Slope of Hope Blog Posts

Slope initially began as a blog, so this is where most of the website’s content resides. Here we have tens of thousands of posts dating back over a decade. These are listed in reverse chronological order. Click on any category icon below to see posts tagged with that particular subject, or click on a word in the category cloud on the right side of the screen for more specific choices.

Are You Prepared (by Bob Kudla)

By -

After this weeks event in Cyprus and in the United Kingdom, I want to pivot and ask a serious question. Are you prepared?

The people in Cyprus are down to a cash society, in a society that is mostly electronic, and I am sure it is causing some great inconvenience with the banks closed.  In Great Britain, the cold weather has taken their gas supplies down to emergency levels, and winter storms are stranding people.

In the U.S. we are having our fair share of weather related disruptions, and where I live in California we live in a moments-away calamity with earthquakes and increasing pressure on our power grid.

Can you or your family live a fairly normal life if the power went down for a week, or we have our own self inflicted political wounds and they curtail commerce?

Are you ready?

In addition to trading I own a solar energy company, and we also provide on site solar tied battery back up systems.  I entered this business with a desire to help my family and my customers to become independent of others to provide energy for their homes and businesses.  We added the back up systems as solar goes down when the grid goes down, unless you can redirect the solar power into batteries.  The next area we are entering is to provide water from air, powered by solar.

I share this with you, not as a commercial (99% of you do not live near me, so not a potential customer) but to let you know there are choices you can make to guard your family, and in the U.S. you can get these financed by the government if you have decent credit.  But what if you rent, or live in a condo? There are solutions for that, as well.

Allow me to offer some common sense suggestions that will save you some grief if you find yourself in a unexpected situation.

I tell people to plan for the most likely scenarios, be prepared to be severely disrupted up to five days, and mildly disrupted for up to one month.

The very first thing you need is water, and you should have a gallon of water per person per day for at least two weeks.  I have a 60 gallon water heater that I can bleed, but also keep water on hand as bottled spring water in case I am forced to move. I also am going to install a water from air system we are building that ties to my solar system.  There are off the shelf systems out  there you can buy that do the same thing.

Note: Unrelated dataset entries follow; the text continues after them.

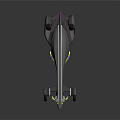 Futuristic Concept Car with Streamlined Body Yellow Accents and Four Wheels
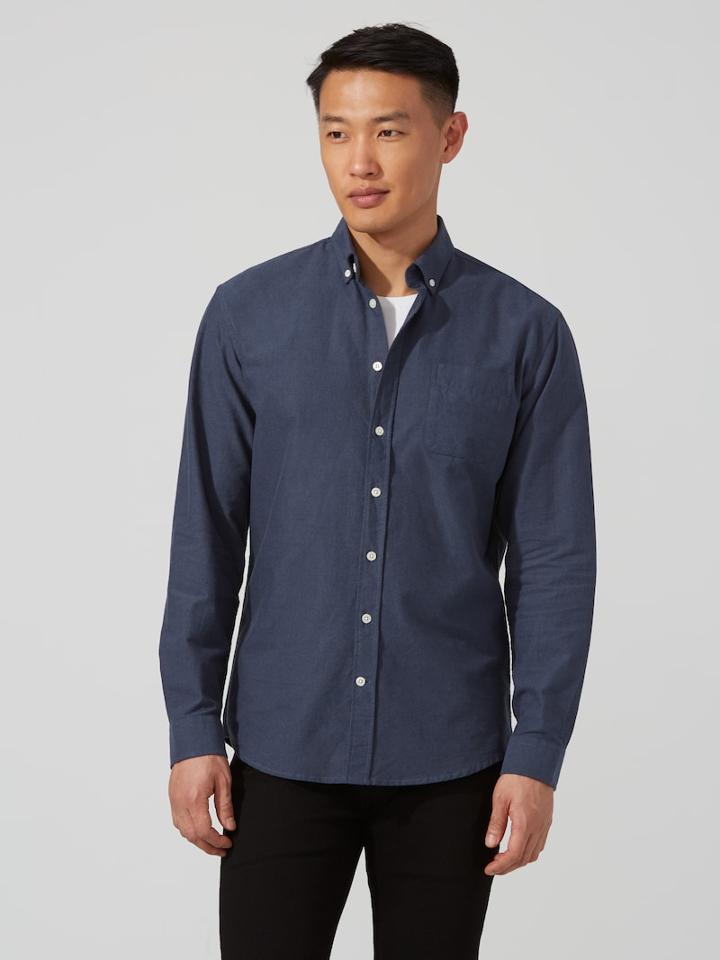Frank + Oak The Jasper Oxford Shirt In Bering Sea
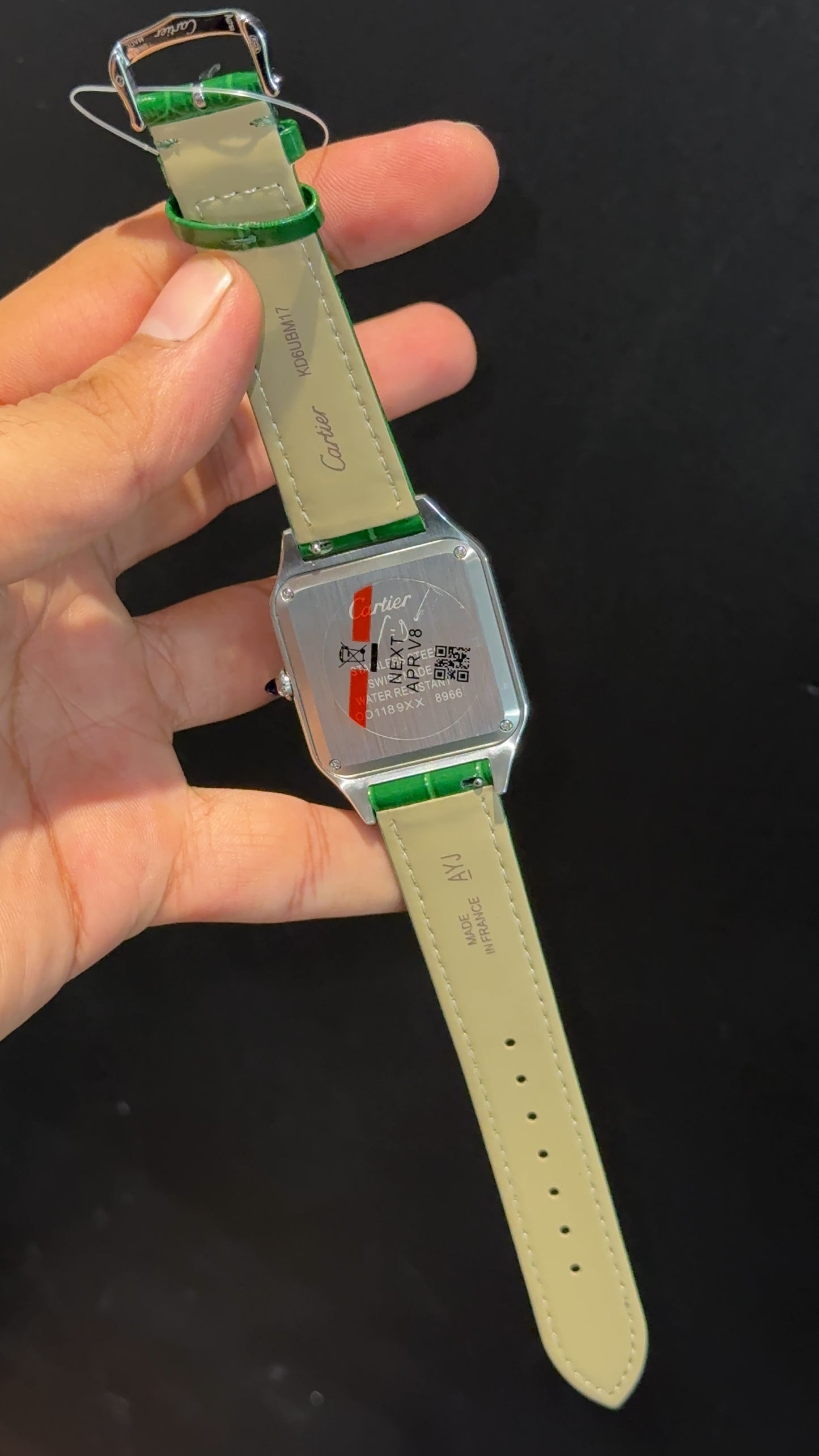 Cartier Santos | Gold Two Tone Case | Green Dumont Strap | White Dial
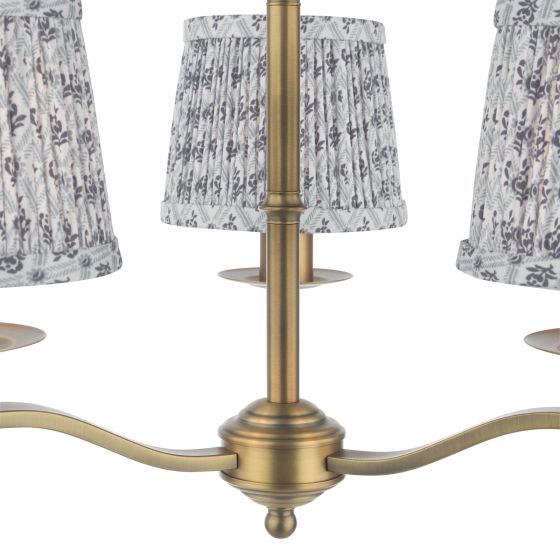 Där Lighting English Heritage Marble Hill 3 Light Armed Fitting Aged Brass With Shade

Next is food.  This is probably the easiest thing for people to put together, but it is important to buy the right foods.  You want easy to open, non perishable, and easy to prepare items. Foods that can be cooked over a Bunsun burner, charcoal grill or a Coleman propane tank. We have a charcoal grill and a portable camping stove with disposable propane tanks.  We also have a grab and go bag of food in case of evacuation.  You may need to leave your home (We live 12 miles from San Onofre Nuclear Power Plant).  Two related suggestions is to keep a couple of bags of charcoal on hand to cook on a grill, and as mentioned above some disposable propane tanks.  Keep two weeks of plastic utensils, paper plates, and foil serving trays.  You don’t want to clean up

Energy– If you can swing it, get solar,and get a battery back up system installed.  If you cannot, get a very good portable battery backup/inverter system that can charge your refrigerator or freezer, and such.  Buy some cables that you can charge your system from your car battery if your portable battery runs low.  Your refrigerator and freezer are very energy efficient, and you only need to charge them intermittently. Keep your phone and iPad charged, as well. Only go into the fridge and freezer once per day.  As you cook food, eat what is defrosted, then work your way through the freezer.  Then tap into the canned stuff.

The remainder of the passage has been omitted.